↓↓↓

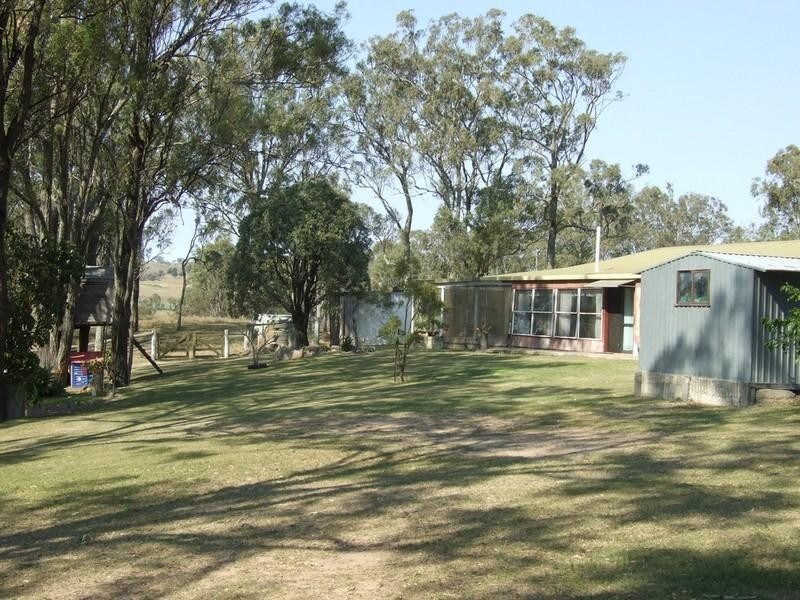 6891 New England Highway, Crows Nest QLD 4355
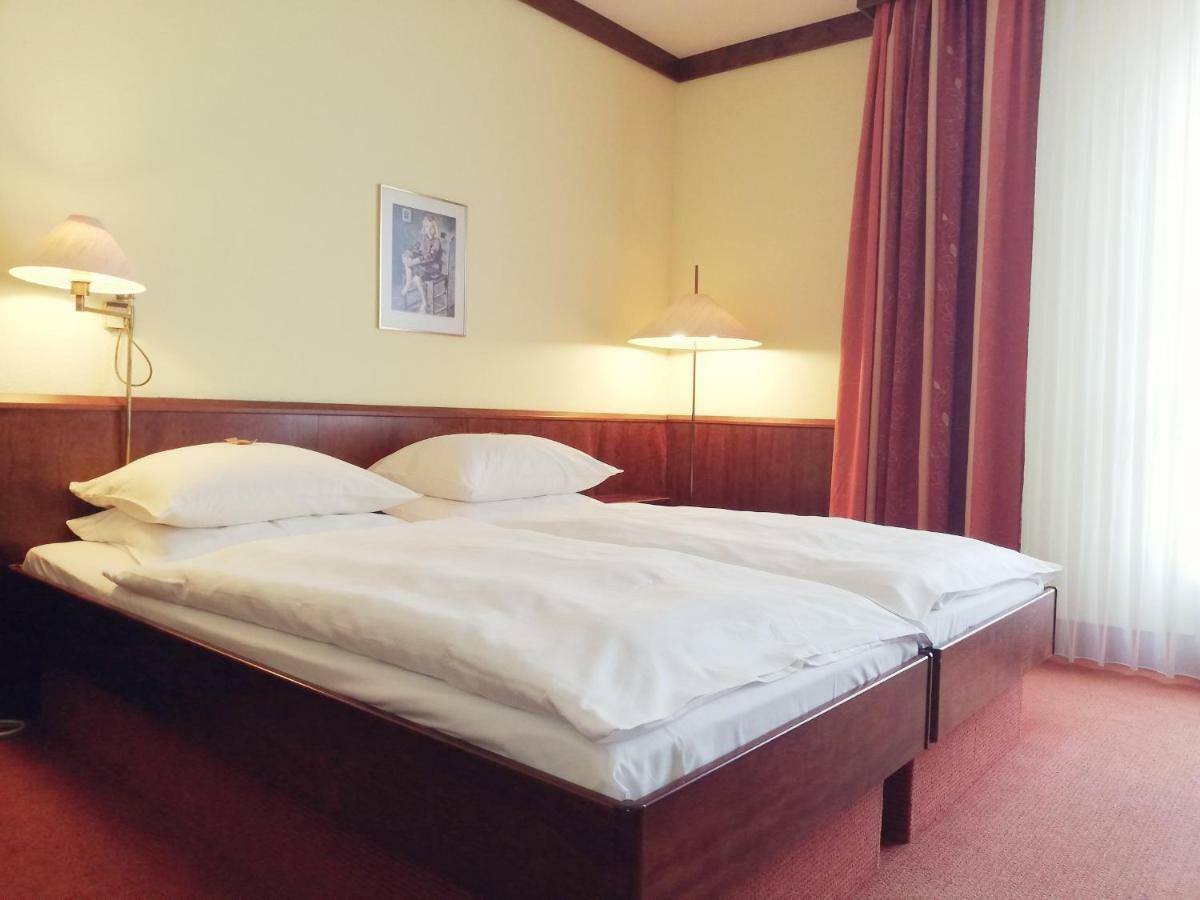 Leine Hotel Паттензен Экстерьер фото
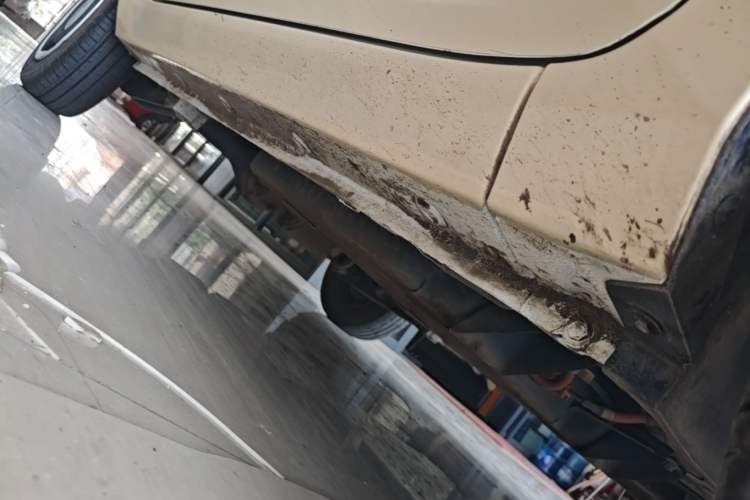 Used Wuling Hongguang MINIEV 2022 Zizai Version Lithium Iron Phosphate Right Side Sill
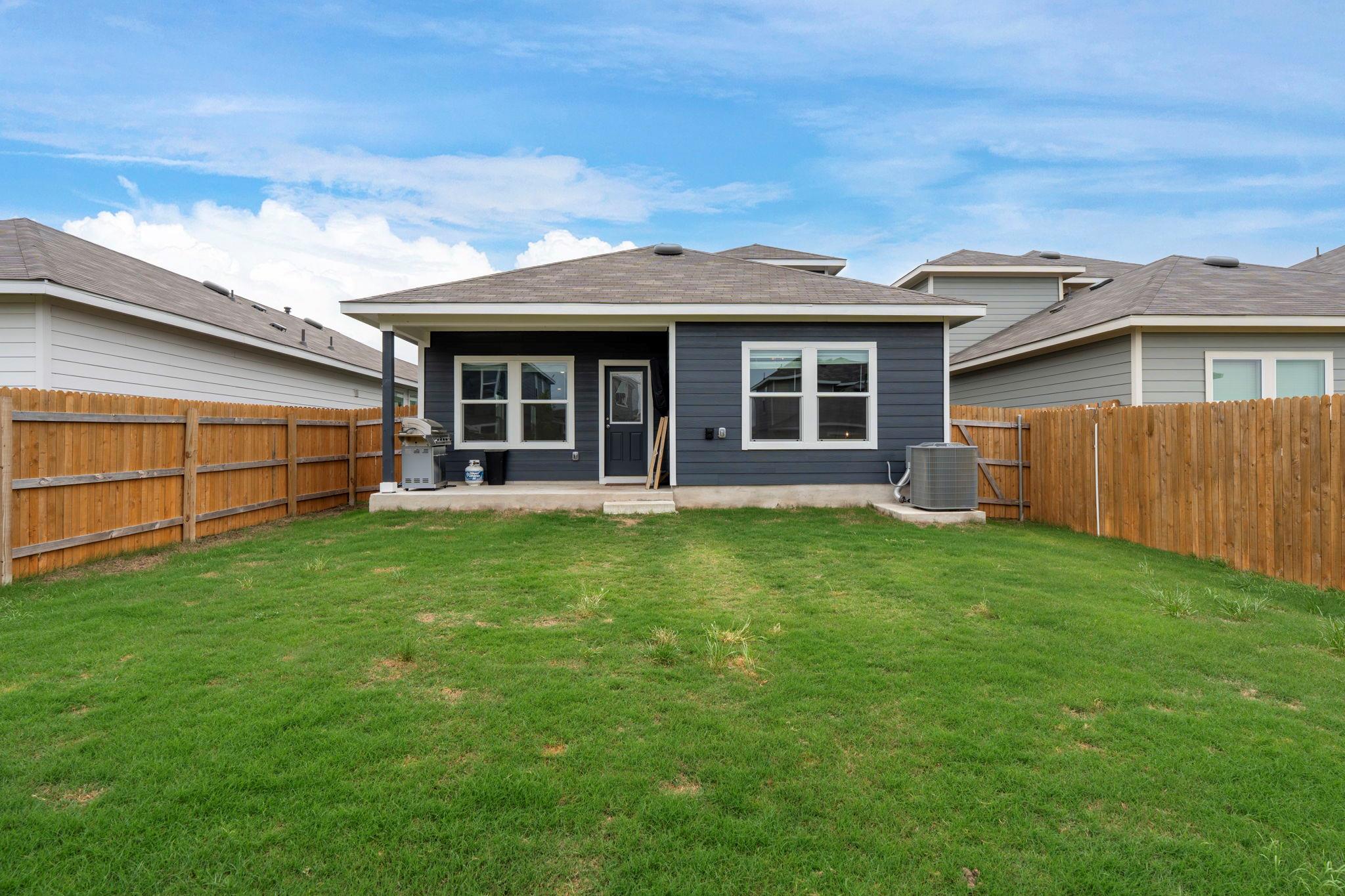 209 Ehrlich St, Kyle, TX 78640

↑↑↑

• Prompt
Everything in the data except the pictures must be transcribed exactly.

• Completed task
 6891 New England Highway, Crows Nest QLD 4355
 Leine Hotel Паттензен Экстерьер фото
 Used Wuling Hongguang MINIEV 2022 Zizai Version Lithium Iron Phosphate Right Side Sill
 209 Ehrlich St, Kyle, TX 78640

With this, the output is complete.